I’ve never sufferred with injuries before. The last training walk I’d done however, I’d had a bit of a twinge in my knee just in the last few miles as I power walked back to the car because the sun was setting. At about 20k, I really started to feel the same sensation on the outside of my knee. It worried me a bit, so at the 25k rest stop, I applied a Zhui Feng Gao herbal plaster and took 200mg of ibuprofen. I can’t remember the last time I took painkillers and I couldn’t think how much you’re supposed to take. It may have been placebo or simply having a bit of a sit down at the rest stop but I felt better.

Over the next 25k however, my knee was getting worse. I texted my partner to ask him if he’d drop off some walking poles at the 50k rest stop. I knew it was about an hours drive away from our house. My knight in shining armour did exactly that, even stopping at Go Outdoors to buy a couple of poles for me. It was good to see him. I troughed down some minging pasta stuff and potatoes, chucked an apple and a flapjack in my rucksack, popped another few ibruprofen, assured by my partner I could safely take 6 in 24hrs!

Approaching 50k as the sun sets
Approaching 50k as the sun sets.

It was starting to rain now and getting dark. We were given glosticks to attach to our rucksacks and instructed to put on our headtorches and departed in groups across the fields. The route was a lot more remote now. The next rest stop was only 6k away in a local primary school. Quick cuppa and more flapjack and fruit. I was noticing now that many were beginning to struggle. There were some nasty looking feet being strapped up with compeed and bandages. Many had pained expressions. Knees, hips, feet…ouch.

The next section of the walk was pretty bad. It was raining yet really humid. We walked across muddy fields, glosticks marking our way. Despite it being a full moon, the cloud was heavy so it was dark. The line of walkers was thinning out now and there were times when I was completely alone. 15k seemed to take forever. It was now around 2-3am. I was practically halucinating. Everyone was struggling. At one point there was a group of us just sat in the middle of a field complaining about how shit we felt. I was in agony now by this point. More bloody flapjack.

A group of us got a bit of rhythm going. I was apologising to everyone for my loud satisfying farts. Bloody pasta. Apparently it was affecting us all the same.

Around 4am we got to the rest stop. The girl in front of me let out huge sobs which started a few more off. I wasn’t sure whether to laugh or cry. The scene in the tent was pure carnage. There were piles of people in survival blankets. Some just fast asleep, some shivering and wide eyed. Others just wandering about aimlessly. I knew I had to eat. We were offerred bacon or sausage rolls. I could have hurled. Despite being in quite a lot of pain I had a really good laugh here with some now familiar faces. It was a ridiculous scenario.

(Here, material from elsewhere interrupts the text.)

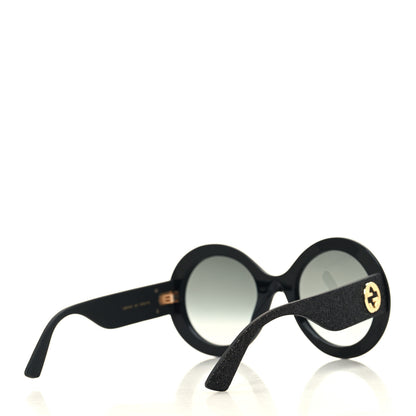 Gucci Acetate Round GG0101S Glitter Sunglasses Black 4 of 7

The next section was now on country lanes and I snuck off on my own not wanting to wait for a group. I’d been looking forward to seeing the sun come up and had intended to get a photo but honestly…I really couldn’t be arsed. You couldn’t see the sun anyway as it was still so overcast. I had to keep taking little rest stops as my knee pain was intense. A log, a bus shelter, a bench, just for a few minutes to rest my knee.

A small hill got the better of me. By this point I was struggling to put much weight on my knee. To get up the hill, I had to use both poles to support me and I put all my effort into it and promptly felt really faint. I lay on a bench by the side of the road having just passed the 80k point and having one of those cold sweats. I confess I’d taken 8 painkillers by this point which was stupid. As I lay there, mud up my trousers, I realised how awful I smelt. Sweat and possibly a bit of pee? A girl appeared and started chatting to me. Her mate was walking, duck footed wearing bright socks and flip-flops, her walking boots in her hands. “They’re too hard” she said. I think I mumbled a reply and attempted a smile. I’d text my partner to say I was quitting but he’d been instructed beforehand to talk me out of it.

That final 20k was crazy. By the end, just stepping down a curb was beyond words. There was applause and cheering as I reached the finish and I felt really emotional and welled up. Ungraciously I looked away from the crowd to prevent myself crying. I was given a t-shirt and a medal and offerred a glass of champayne which I declined. Thank god there was a lift to get you to the first floor where the physios were. I think a flight of stairs would have been the final straw.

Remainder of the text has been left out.